I can't say that I fell in love. I didn't. Neither did he. Rather, our hearts and souls dipped into the soul of the world, and there we were filled with love. How did he experience it? Was it in the same way that I did? I don't know. Each person is different and perceives the same event differently. What do I know? I know that the experiences we shared, innocent as they were, filled me with agape. It was three days before it finally faded from my being, but it left me in a much better place than it found me. How could it not? Even now, the world is a little more beautiful and the crystal lagoons of the Maldives sparkle a little brighter because of it.

I also know that in the Soul of the World I loved him, and because the Soul of the World exists concurrently in all times, I love him and will always love him. In the physical world? Well, I am truly thankful for those twenty hours of communion and hope that we meet again. Further, I hope that we maintain and nourish a friendship because of what we've shared. (Notice the choice of words, "I hope..." not, "I expect..." or "I need..." or even "I want..." but hope, simply a good wish for the future, not something one hangs the future of one's happiness on.)

As I look at this true love, I become more aware of others.

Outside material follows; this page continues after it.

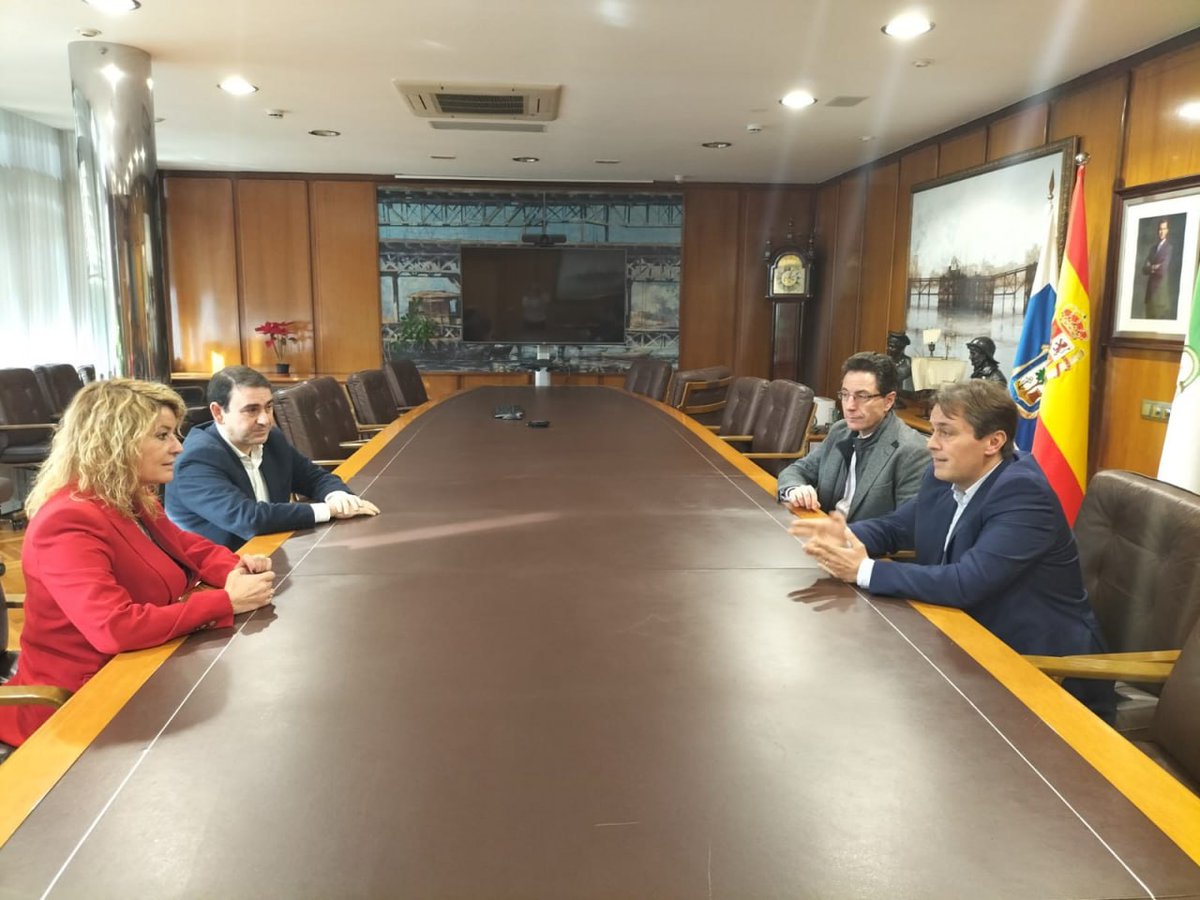 APHuelva's tweet photo. La empresa #NextPort desarrollará un reto tecnológico pionero en la @lalonjatech para crear una prueba piloto de un sistema para optimizar la operativa portuaria🌐
➡ https://t.co/1hI6ugLEmV https://t.co/8mFmfUMx2e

My best friend is also a true love. Just because we don't want to mate doesn't make it any less true. I would give anything and everything I have without hesitation if it would help him in anyway, and he for me. When I think of him it always begins with warmth in the bottom of my heart that quickly moves a smile onto my face and a softness to my eyes and a gladness that reaches all the way down to my toes. The last few years haven't been good years for him, but that does not and will not change my love. If anything, it becomes stronger because in those times I can perhaps give more to him than I could in other times.

Finally, I think of all of the little moments of true love. I define true love as agape, or unconditional love that fills our hearts and beings. I remember watching a young girl dancing in the waves, a father and son fly a really cool kite on a perfect afternoon, an old woman with eyes that sparkle as she tells me of her wild youth. In all of these moments I was filled with love and happiness, yet I did not expect things of them. I didn't ask for commitments or favors.

True love asks nothing. It simply "is".